How about 2 cops leaning against a cop car?

Prime examples of those that abuse their power:
Photography Is Not A Crime

There's good ones and bad ones though. Any night of the week in my little college town you can catch a ride home with a cop rather than having to walk home intoxicated or get a drunk in public for trying to walk home from the bar rather than drive.


----------



## C-Towner

srinaldo86 said:


> Someone with a camera taking photos of someone in a profession such as law enforcement is rattling. Officers understand that people are intrigued by law enforcement however we also know that we have the most hated profession on earth (aside from DMV employees.) People taking photos/video could be someone studying our tactics, our equipment, and our over all complacency. Something we're all taught in our training is "Go home alive," so our curiosity of someones actions and motives is part of our training and desire to live.
> If you were in our shoes and were unsure of someone watching you, plotting against you, wouldn't you be inquisitive as well?



This is the kind of thinking that has pervaded many people...that a legal act is immediately suspicious, because if perceived intent. If i wanted to study a cops tactics, that is completely legal. Not to sound inflamatory, but if your training leads you to believe that photographers are threats, then I think a reevaluation is in order. 

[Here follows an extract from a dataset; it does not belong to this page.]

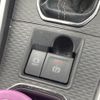toyota raize 2022 -TOYOTA--Raize 5BA-A201A--A201A-0023947---TOYOTA--Raize 5BA-A201A--A201A-0023947- image 20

Photographers taking pictures do not pose a threat. We are not attempting to be stealthy most if the time, and utilize big honkin' SLRs which are not inconspicuous. Any criminal intent of photography could be less overt and using a more inconspicuous camera.


----------



## srinaldo86

I don't expect any of you to understand it because you are not provided with the same information and details as law enforcement.


----------



## C-Towner

srinaldo86 said:


> I don't expect any of you to understand it because you are not provided with the same information and details as law enforcement.



No pun intended, but what a cop-out answer. 

You are willing to challenge the notion that police should allow civilians to photograph them, as they have no rights to privacy while in public, and all their actions are done as public servants. I am sure 'classified' information allows the police to do all sorts of things that the ignorant public call them crooked for. </sarcasm>


----------



## robdavis305

You forgot about lawyers!


----------



## Josh66

patrickt said:


> O|||||||O said:
> 
> 
> 
> 
> 
> Gaerek said:
> 
> 
> 
> The first question I would ask is, who told you this? The best way to answer this would be to ask a police officer.
> 
> 
> 
> 
> My money says that a police officer _is_ who told him this.
> 
> Click to expand...
> 
> 
> Really? I would have guessed it was someone like you.
Click to expand...


You obviously do not know me.


----------



## srinaldo86

C-Towner said:


> srinaldo86 said:
> 
> 
> 
> I don't expect any of you to understand it because you are not provided with the same information and details as law enforcement.
> 
> 
> 
> 
> No pun intended, but what a cop-out answer.
> 
> You are willing to challenge the notion that police should allow civilians to photograph them, as they have no rights to privacy while in public, and all their actions are done as public servants. I am sure 'classified' information allows the police to do all sorts of things that the ignorant public call them crooked for. </sarcasm>
Click to expand...


Have you ever had to approach a vehicle on a traffic stop and worry if the driver is going to turn around with a gun?
Respond to a domestic dispute, an intrusion alarm, assault, medical assistance, anything?
Or stand a Marine Corps Base entry point worrying about someone approaching with a gun or even a bomb?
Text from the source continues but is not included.